The anticipated benefits we expect from the Acquisition are, necessarily, based on projections and assumptions about our combined business with Micro Focus, which may not materialize as expected or which may prove to be inaccurate. Our business and results of operations could be adversely affected if we are unable to realize the anticipated benefits from the Acquisition on a timely basis or at all, including realizing the anticipated synergies from the Acquisition in the anticipated amounts or within the anticipated timeframes or cost expectations or at all. Achieving the benefits of the Acquisition will depend, in part, on our ability to integrate the business and operations of Micro Focus successfully and efficiently with our business. The challenges involved in this integration, which may be complex and time-consuming, include the following:

 

   

successfully managing relationships with our strategic partners, combined supplier and customer base;

 

   

coordinating and integrating independent research and development and engineering teams across technologies and product platforms to enhance product development while reducing costs;

 

   

coordinating sales and marketing efforts to effectively position the combined company’s capabilities and the direction of product development;

 

   

limitations or restrictions required by regulatory authorities on the ability of Micro Focus’ and our management to conduct planning regarding the integration of the two companies;

 

   

difficulties in integrating the systems and process of two companies with complex operations including multiple sites;

 

   

the increased scale resulting from the Acquisition;

 

   

retaining key employees;

 

   

implementing expected cost synergies of $400 million;

 

   

obligations that we will have to counterparties of Micro Focus that arise as a result of the change in control of Micro Focus; and

 

   

the diversion of management attention from other important business objectives.

If we do not successfully manage these issues and the other challenges inherent in integrating an acquired business of the size and complexity of Micro Focus, then we may not achieve the anticipated benefits of the Acquisition and our revenue, expenses, operating results and financial condition could be adversely affected.

The use of cash and incurrence of substantial indebtedness in connection with the financing of the Acquisition may have an adverse impact on our liquidity, limit our flexibility in responding to other business opportunities and increase our vulnerability to adverse economic and industry conditions.

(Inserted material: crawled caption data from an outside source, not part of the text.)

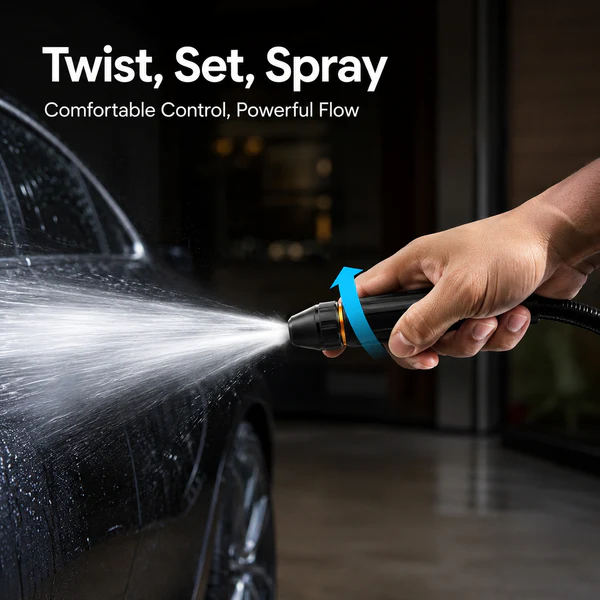 🔥 Home High-Pressure Car Wash Water Gun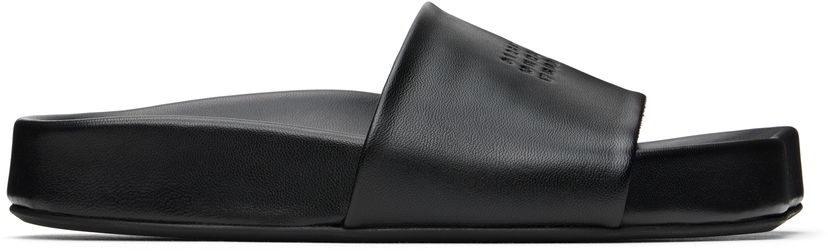 Pikkuhousut Maison Margiela MM6 Maison Margiela Nappa Leather Sandals Musta | S66WP0111 P3628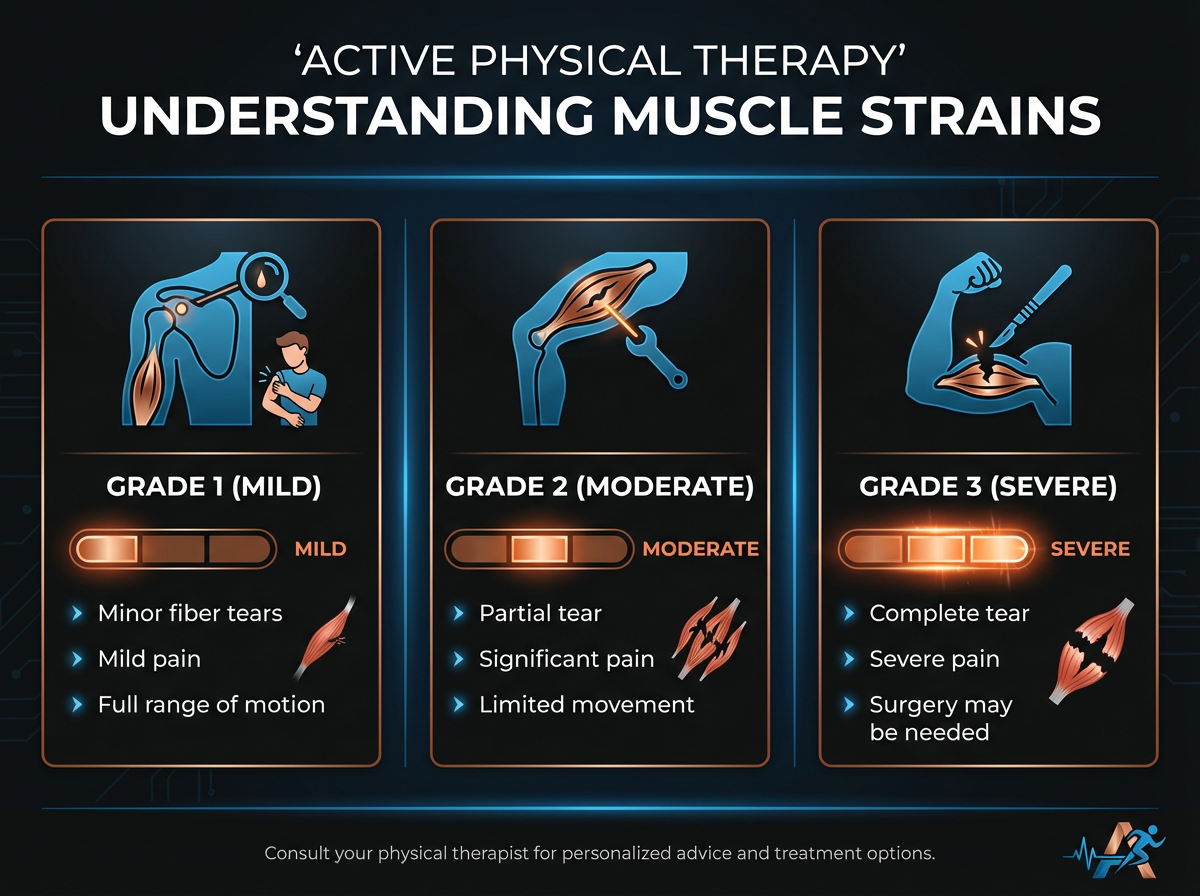 Understanding muscle strains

If the Acquisition is consummated, we will have a significant amount of indebtedness outstanding. The Acquisition will be financed in part by the use of our cash on hand and the incurrence of a significant amount of indebtedness. Following an assumed completion of the Acquisition on September 30, 2022, after repayment of existing indebtedness of Micro Focus and termination of the Bridge Loan Agreement (if applicable), as described


in “Summary—Unaudited Pro Forma Condensed Combined Financial Statements”, and all other pro forma adjustments relating to the Acquisition, we would have had, on a pro forma basis as of September 30, 2022, approximately $657 million in cash and cash equivalents. In addition, the combined company would have had, on a pro forma basis as of September 30, 2022, approximately $10 billion in long-term liabilities and $3.4 billion of current liabilities. By comparison, as of September 30, 2022, we had approximately $1.7 billion in cash and cash equivalents. In addition, as of September 30, 2022, we had approximately $4.6 billion of long-term liabilities and $1.6 billion of current liabilities.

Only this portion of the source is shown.